A method of the above described general type is disclosed in European Patent 0 473 569 B1. In the known method, digital data are exchanged between a base station and a passive transponder by means of an amplitude modulated carrier wave. The individual bits of a data word consist of pulses and gaps in the electromagnetic field, i.e. a time interval in which the electromagnetic field is switched on and a time interval in which the electromagnetic field is switched off (field gap). The field gap serves as a separator between two successive bits. The respective significant value of the bits is determined by the length or duration of the time interval during which the electromagnetic field is switched on for defining the respective particular bit. Furthermore, in the passive system of the known arrangement, the energy needed for operating the transponder is generated or extracted from the carrier field by means of absorption modulation.

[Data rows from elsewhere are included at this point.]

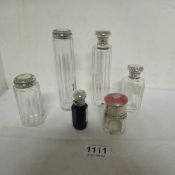 4 silver topped vanity case bottles and 2 silver topped scent bottles, some a/f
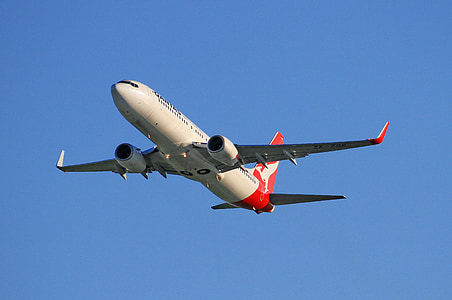 red and white passenger plane flying under blue clear sky during daytime thumbnail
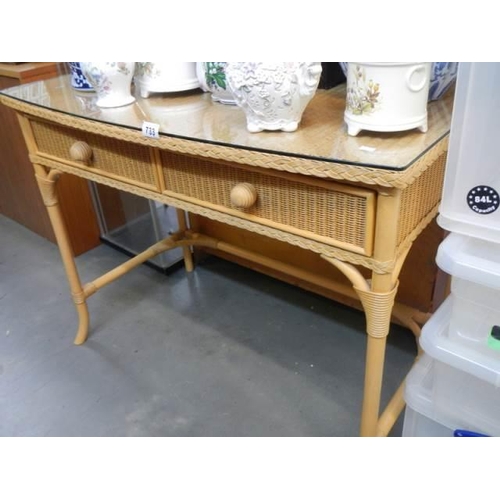 733 - A late 20th century two drawer cane table, COLLECT ONLY.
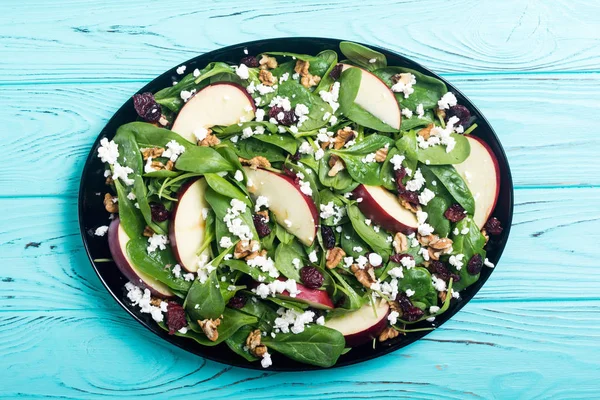 Autumn spinach salad with apple , cheese , walnut and dried cranberry . Healthy vegetarian food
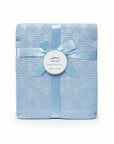 Stork And Baby Mothers Choice light blue knitted baby shawl with cable texture, tied with a matching satin ribbon.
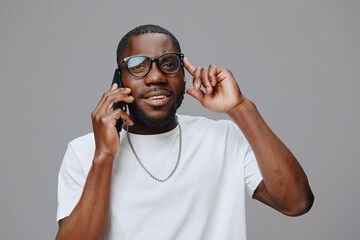 African male model in casual attire, using a smartphone, expressing joy and excitement against a neutral gray background Stylish glasses enhance the modern look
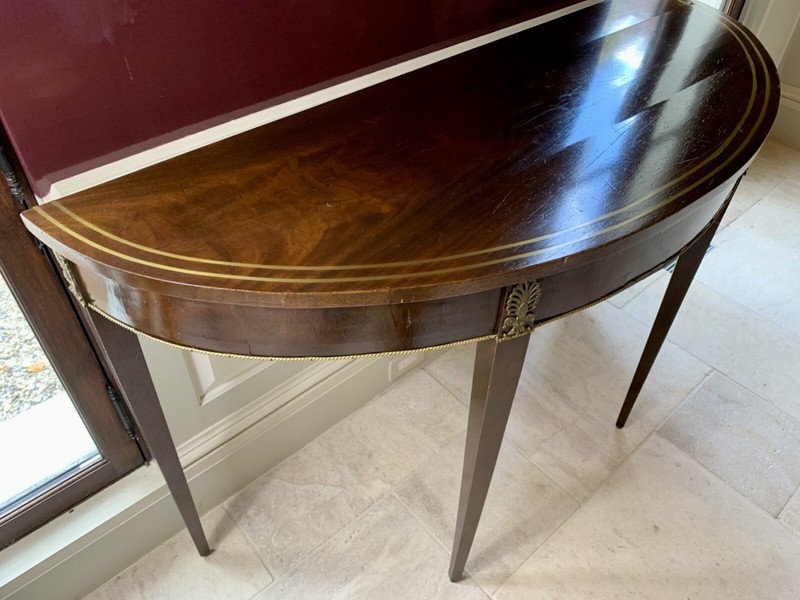Antique Demilune Console Tables With Brass Ormolu Mounts—A Pair gallery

A further method pertinent to the present general field is known from the German Patent Laying-Open document DE 100 50 878 A1. The disclosed method uses various different modulation indices for the amplitude modulation of the carrier wave, whereby the data transmission rate is increased, in that several information symbols are transmitted using a single carrier wave. For this purpose, the carrier wave is modulated by means of a prescribed allocation or correlation between the information symbols and the modulation indices. It is a disadvantage that the separation of the information symbols requires a sensitive demodulator circuit, which limits the reach or range of the communication under unfavorable reception conditions.
In general, methods for transmitting data between a base station and a transponder are used in order to carry out an identification or verification in a so-called authentication process. In order that the user of the system does not notice any delay, this process must be carried out and completed within a time span of approximately 100 ms. In view of the ever increasing security requirements, a great number of information packets must be modulated on a carrier wave in ever shorter time spans. The modulation of the information packets may be carried out using amplitude modulation (for example in the manner of amplitude shift keying: ASK) or especially phase modulation (e.g. phase shift keying: PSK) and frequency modulation (e.g. frequency shift keying: FSK) in connection with a pulse width modulation (PWM).
In order to achieve a higher data transmission rate and a greater transmission range, carrier frequencies in the range of ultra high frequencies (UHF) and microwaves are being utilized more often in connection with transponders, whereby the various different national high frequency (HF) transmission regulations influence the data transmission rate through the prescribed frequency bands and/or the width of the side bands.
In any event, a data protocol forms the basis of bi-directional data transmission between a transponder and a base station, whereby this data protocol comprises a header section, a middle section, and an end section. In the header section, among other things, the number of the information symbols and the number of the available significant values of the data bits are specified or defined by a characteristic identifier or identification for the individual symbols. In the middle section of the data protocol, the data are then encoded using the specified identification of the symbols. Such a scheme is, for example, proposed in the International Standards organization (ISO) Working Draft Proposal ISO 18000-6 of February 2001. In order to achieve a reliable data transmission, both any unfavorable communication conditions as well as varying switch-on and switch-off transient characteristics of the transmitting and receiving units of the transponder and of the base station respectively are taken into account. This is achieved by allocating to the symbols, as the characteristic identification thereof, respective modulation intervals having an especially long time duration. Furthermore, in connection with frequencies in the UHF or microwave range, the time duration or length of the modulation intervals is increased, in order to thereby account for the inaccuracy in the determination of the modulation intervals by means of the free-running oscillators or RC charging curves, in other words, for example, in order to avoid read errors in the data transmission.
A disadvantage of the previously known methods is that the relatively long time duration of the modulation intervals necessarily reduces the data transmission rate. The data transmission rate is further reduced in that the modulation stroke or range is adapted to the narrowest permissible side band, in order to thereby satisfy the various national HF regulations or requirements using a single protocol or protocol adjustment. This leads to constantly low data transmission rates. Such low data transmission rates become especially noticeable and problematic as an interfering influence in various time-critical applications.